*Exercise brief*.
Exactly the lines from the one containing "Ticket Type Infill" through the end of the data, and nothing more, should be retyped; pictures stay out.

Records for this exercise below:

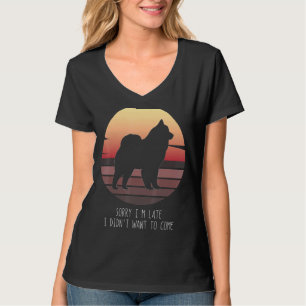 Cloud Spitz German Spitz Retro T-Shirt
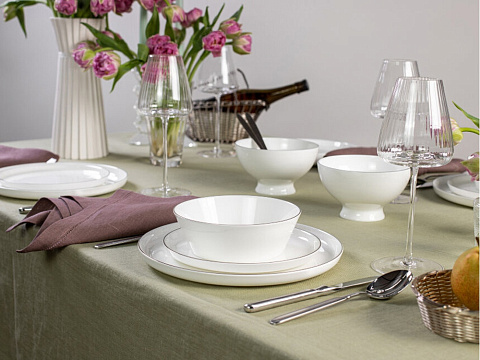 Миска Valerie Concept BOWL 1 WHT - рис 4.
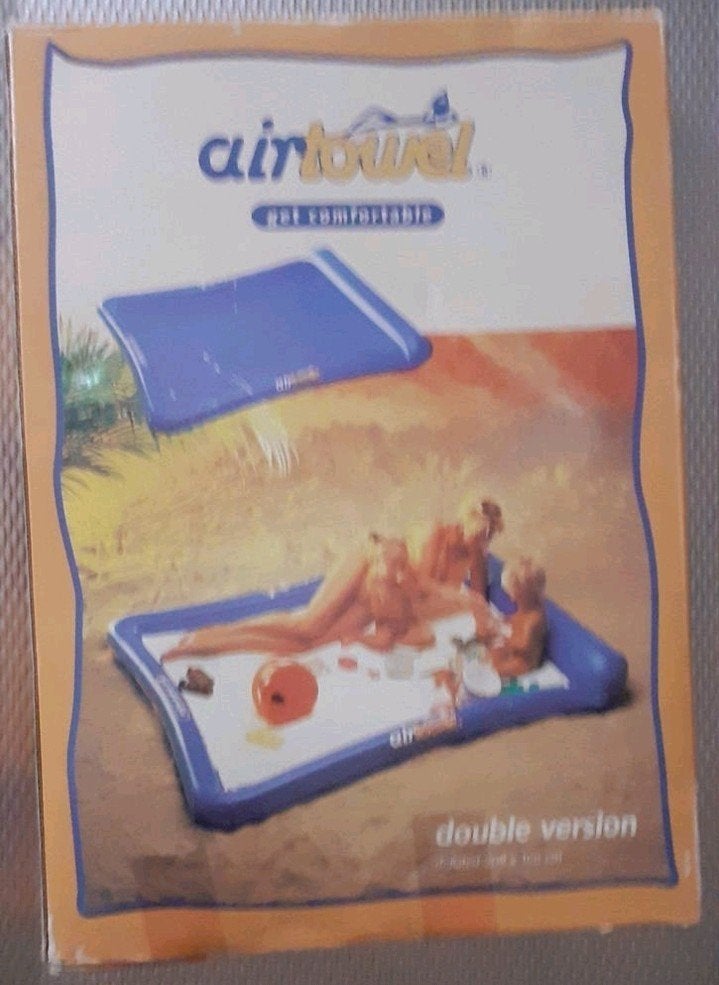Air-Towel: Comfortabel matras lugtbed nieuwe, Ophalen of Verzenden, Nieuw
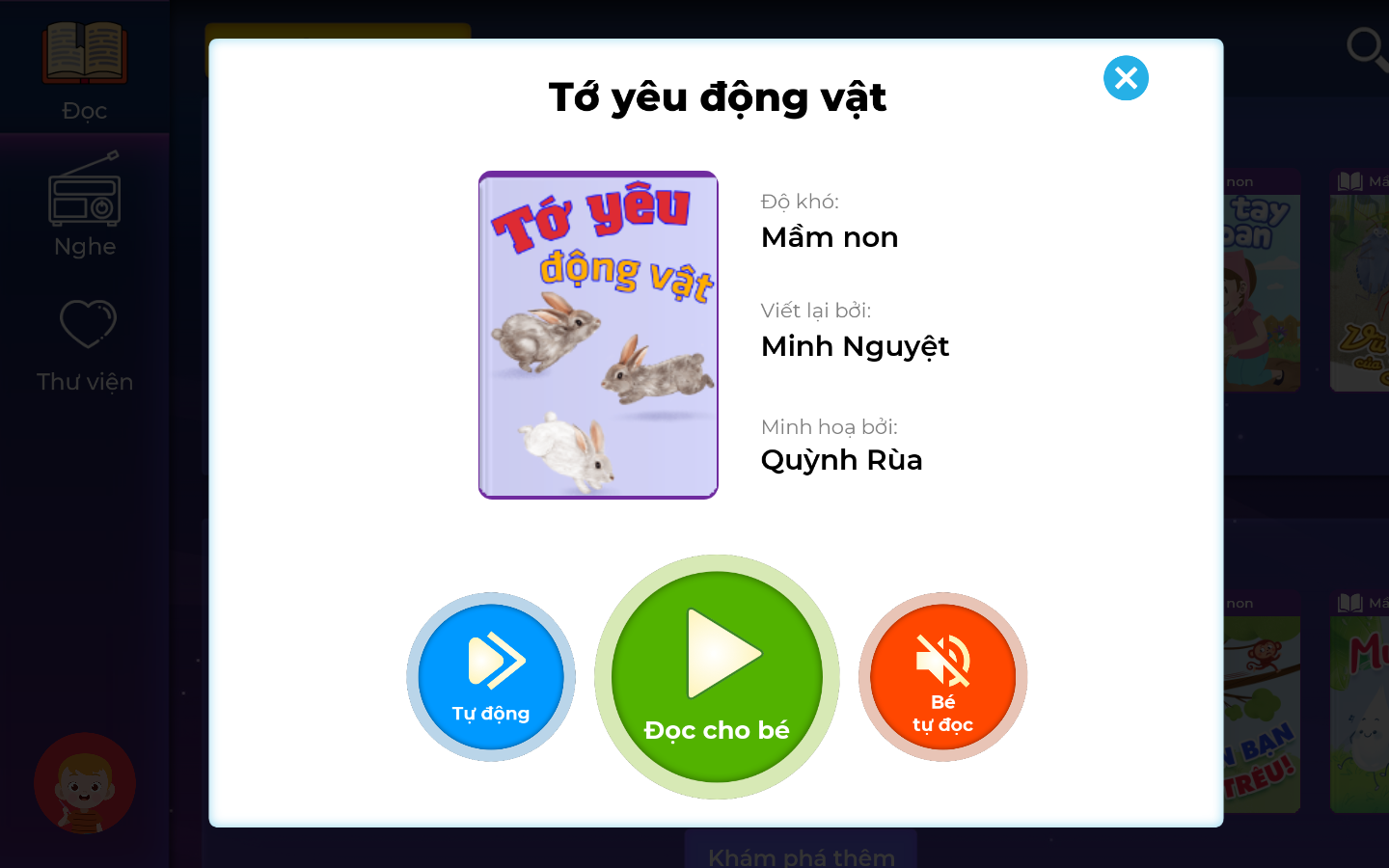 Truyện tranh Tớ yêu động vật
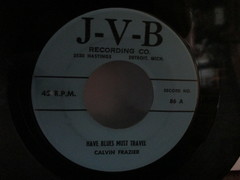 Frazier, Calvin - Lilly Mae/ Have Blues Will Travel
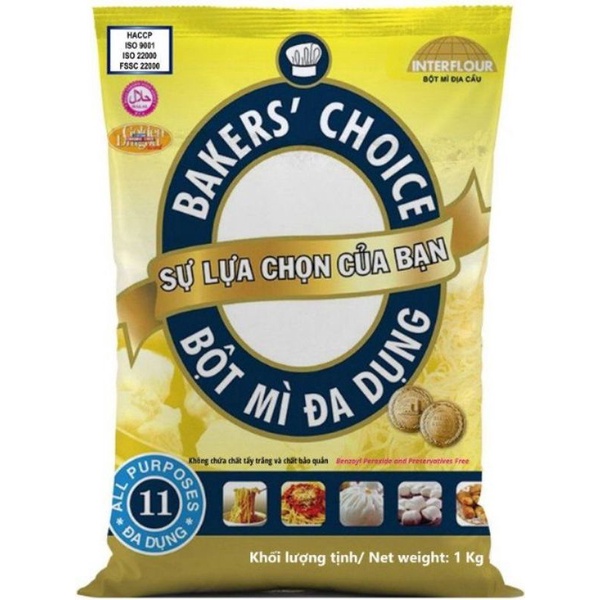 BỘT MÌ BAKER'S CHOICE SỐ 11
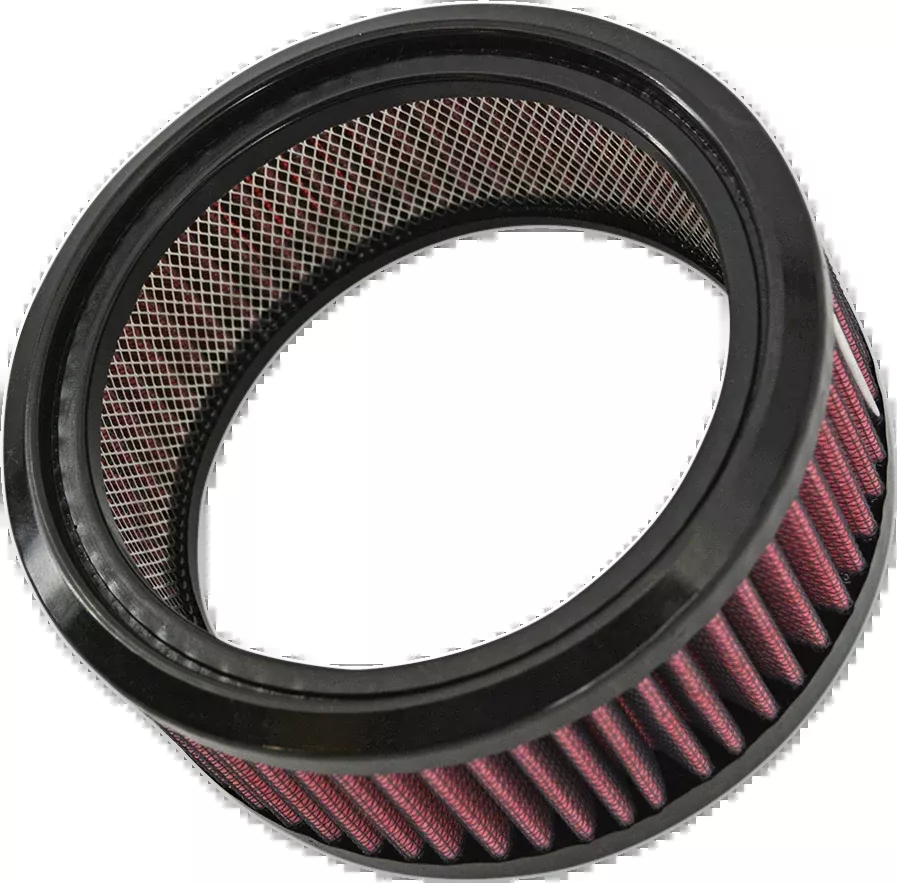 Trask Replacement Assault Charge Air Filter - Red - TM-1020-16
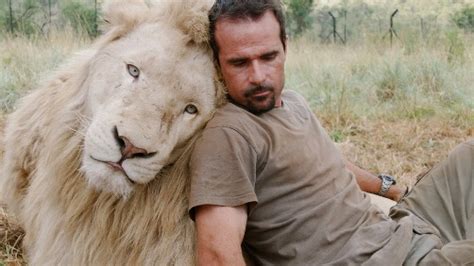 Kevin Richardson Zookeeper To Learn More About Kevin Richardsons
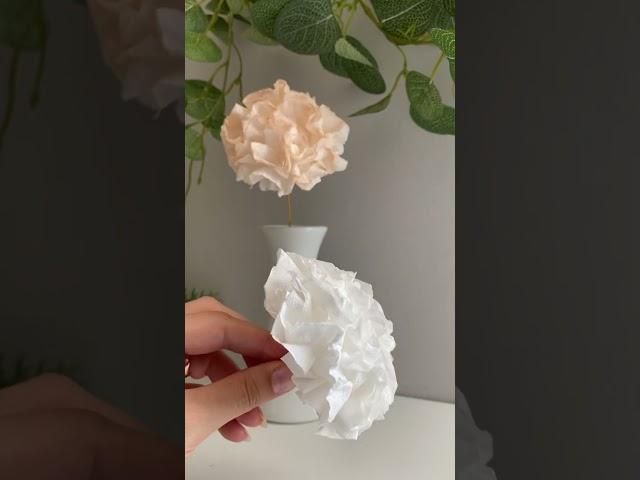 I MADE A FLOWER FROM TOILET PAPER. DIY IDEAS.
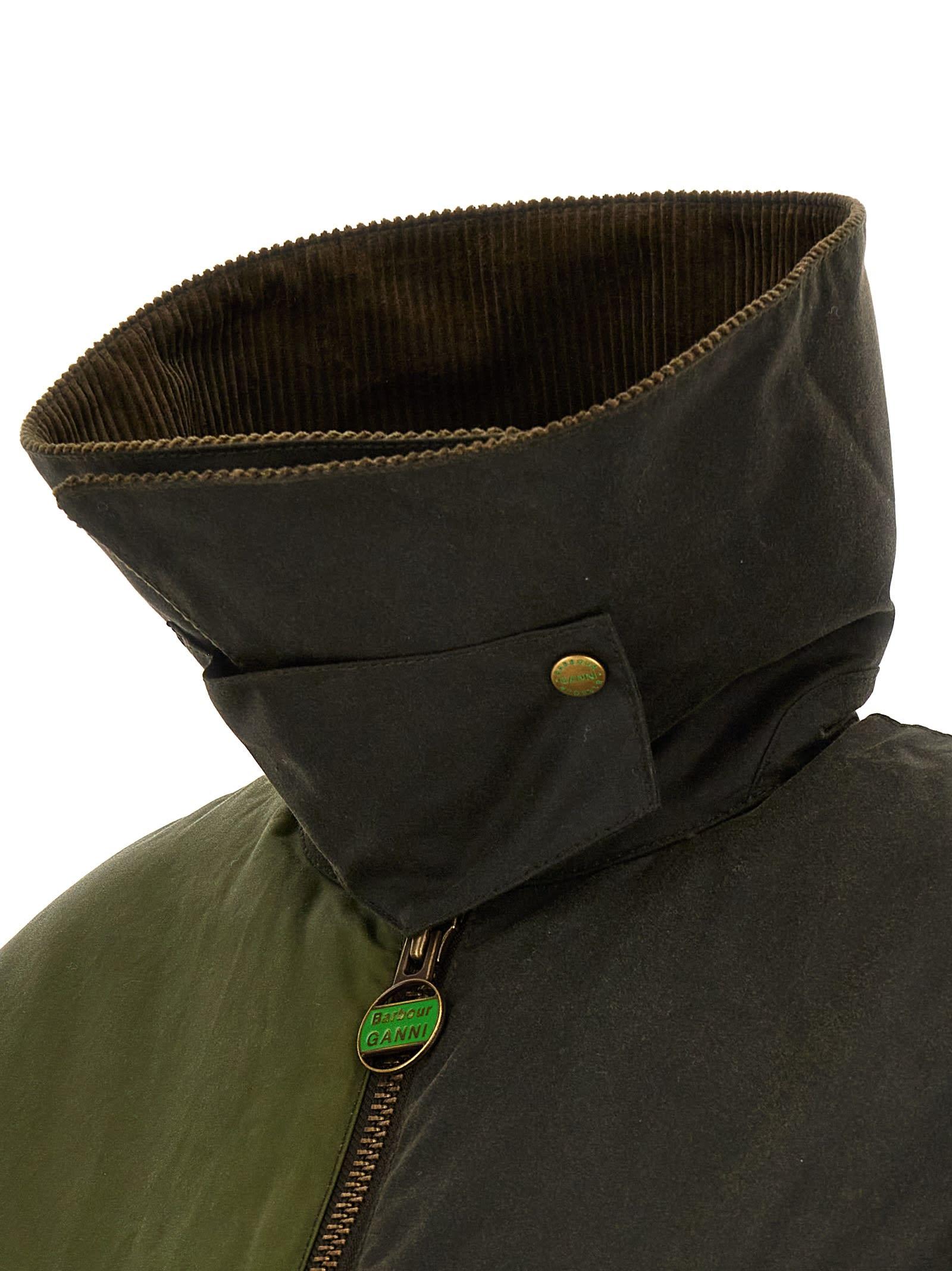 Barbour Wax Bomber Casual Jackets Parka in Green Lyst UK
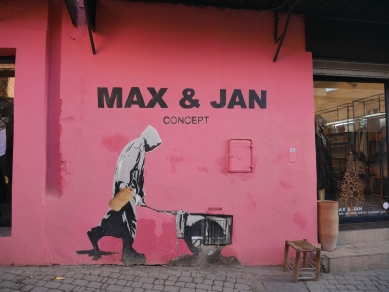 Max & Jan Store in der Medina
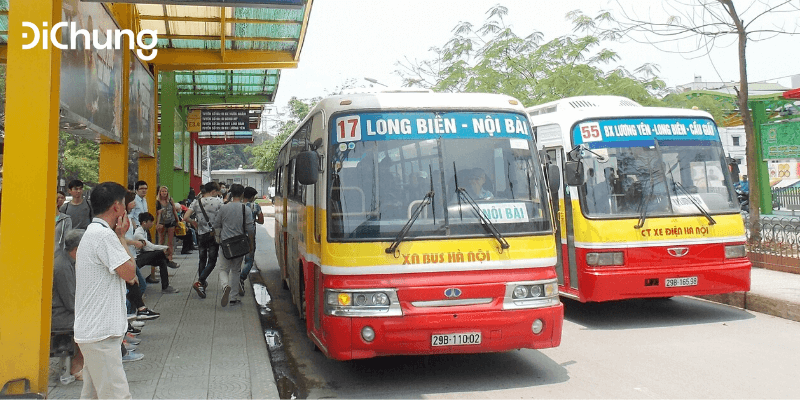 xe bus từ Nội Bài về Hải Dương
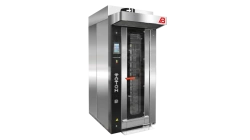 Professional Electric Convection Oven with Rolling Trolley "PHOTON" 4.5V Rotating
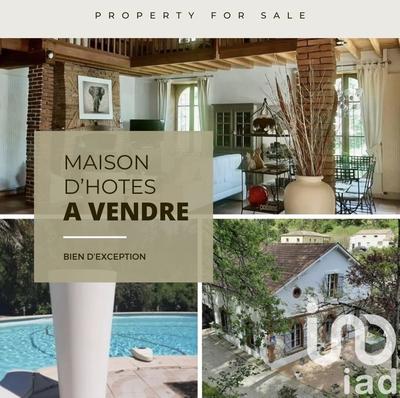 Maison - 200 m² - 7 pièces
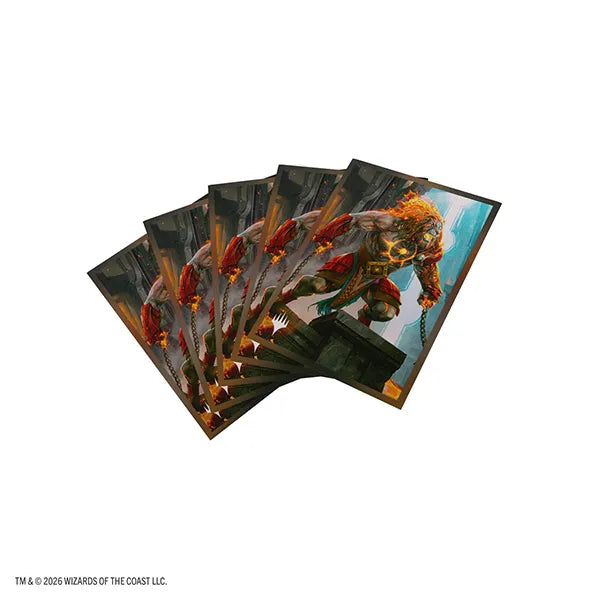 GameGenic: Magic the Gathering: Reality Fracture [Art Sleeves]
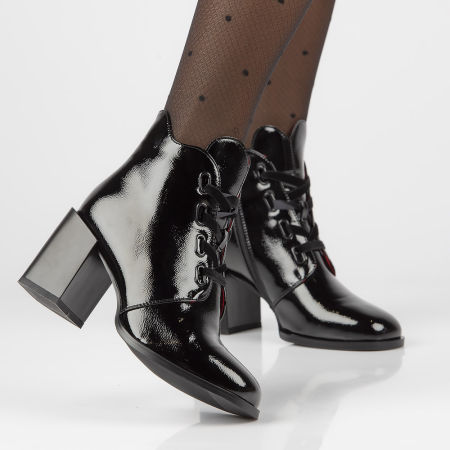 Botki Filippo DBT3109 czarny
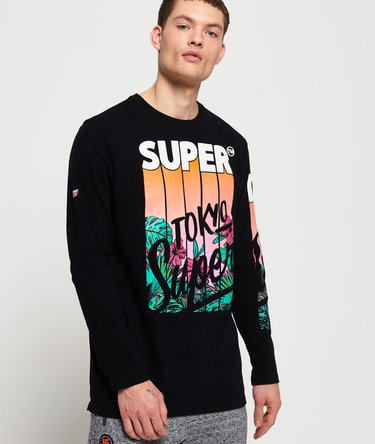 Ticket Type Infill Long Sleeve T-Shirt Image 1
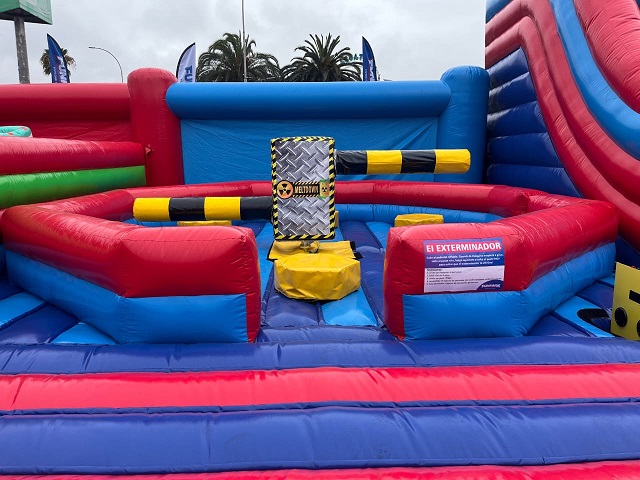 Summer Funpark: el parque inflable más grande de Latinoamérica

End of Records for this exercise.

*Reply to the task*.
 Ticket Type Infill Long Sleeve T-Shirt Image 1
 Summer Funpark: el parque inflable más grande de Latinoamérica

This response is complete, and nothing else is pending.